Problem: Using the listing below, report each line holding the string "looking".

Record set:
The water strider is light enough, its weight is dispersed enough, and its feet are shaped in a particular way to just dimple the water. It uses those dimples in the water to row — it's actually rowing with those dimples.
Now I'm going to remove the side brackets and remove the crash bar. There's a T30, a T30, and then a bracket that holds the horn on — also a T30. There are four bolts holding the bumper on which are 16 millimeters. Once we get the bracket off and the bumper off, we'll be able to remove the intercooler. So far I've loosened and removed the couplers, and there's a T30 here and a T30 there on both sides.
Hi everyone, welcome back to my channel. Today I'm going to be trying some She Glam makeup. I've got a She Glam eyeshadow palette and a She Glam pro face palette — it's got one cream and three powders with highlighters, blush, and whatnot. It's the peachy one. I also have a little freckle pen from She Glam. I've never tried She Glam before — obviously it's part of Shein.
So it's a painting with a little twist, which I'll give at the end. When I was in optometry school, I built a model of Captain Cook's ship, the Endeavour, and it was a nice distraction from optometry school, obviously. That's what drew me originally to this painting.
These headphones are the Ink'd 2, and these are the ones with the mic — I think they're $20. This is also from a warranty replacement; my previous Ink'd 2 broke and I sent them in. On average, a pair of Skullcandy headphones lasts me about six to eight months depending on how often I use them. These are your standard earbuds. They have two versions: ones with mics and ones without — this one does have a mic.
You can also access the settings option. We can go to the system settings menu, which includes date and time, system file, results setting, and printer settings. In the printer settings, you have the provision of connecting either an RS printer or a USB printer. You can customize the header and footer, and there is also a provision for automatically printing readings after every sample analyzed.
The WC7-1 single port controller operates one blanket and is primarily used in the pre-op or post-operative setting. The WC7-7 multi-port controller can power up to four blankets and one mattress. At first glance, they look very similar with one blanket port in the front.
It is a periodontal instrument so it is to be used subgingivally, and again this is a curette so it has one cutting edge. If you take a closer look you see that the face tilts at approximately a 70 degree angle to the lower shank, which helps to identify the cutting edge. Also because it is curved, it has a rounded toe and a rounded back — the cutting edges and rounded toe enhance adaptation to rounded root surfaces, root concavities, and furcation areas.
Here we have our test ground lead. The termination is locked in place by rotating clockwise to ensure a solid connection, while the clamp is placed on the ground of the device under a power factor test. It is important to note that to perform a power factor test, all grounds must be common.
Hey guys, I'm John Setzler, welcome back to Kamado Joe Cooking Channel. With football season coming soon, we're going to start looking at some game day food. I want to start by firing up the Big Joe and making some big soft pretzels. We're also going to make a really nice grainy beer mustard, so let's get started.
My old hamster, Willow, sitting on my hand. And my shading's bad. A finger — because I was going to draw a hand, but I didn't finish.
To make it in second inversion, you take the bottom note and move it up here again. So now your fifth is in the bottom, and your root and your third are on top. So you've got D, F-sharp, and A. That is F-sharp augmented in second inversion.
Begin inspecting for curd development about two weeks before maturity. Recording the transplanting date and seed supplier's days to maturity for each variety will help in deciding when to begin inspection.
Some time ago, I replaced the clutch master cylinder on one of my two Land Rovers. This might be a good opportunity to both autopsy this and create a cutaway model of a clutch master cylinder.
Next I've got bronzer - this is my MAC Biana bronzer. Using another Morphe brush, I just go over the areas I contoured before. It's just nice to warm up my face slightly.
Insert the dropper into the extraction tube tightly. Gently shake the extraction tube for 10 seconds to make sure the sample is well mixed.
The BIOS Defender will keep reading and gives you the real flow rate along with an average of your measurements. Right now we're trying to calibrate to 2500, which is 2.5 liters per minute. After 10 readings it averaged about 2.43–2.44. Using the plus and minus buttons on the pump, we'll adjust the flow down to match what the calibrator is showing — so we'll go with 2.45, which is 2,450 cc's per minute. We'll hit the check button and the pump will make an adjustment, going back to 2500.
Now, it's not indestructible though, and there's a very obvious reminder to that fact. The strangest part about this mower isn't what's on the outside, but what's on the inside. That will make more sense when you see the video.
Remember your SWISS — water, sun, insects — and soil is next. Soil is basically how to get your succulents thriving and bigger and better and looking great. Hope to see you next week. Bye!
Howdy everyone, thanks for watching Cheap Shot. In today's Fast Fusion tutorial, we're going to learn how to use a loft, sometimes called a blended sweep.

Solution to the exercise:
Hey guys, I'm John Setzler, welcome back to Kamado Joe Cooking Channel. With football season coming soon, we're going to start looking at some game day food. I want to start by firing up the Big Joe and making some big soft pretzels. We're also going to make a really nice grainy beer mustard, so let's get started.
Remember your SWISS — water, sun, insects — and soil is next. Soil is basically how to get your succulents thriving and bigger and better and looking great. Hope to see you next week. Bye!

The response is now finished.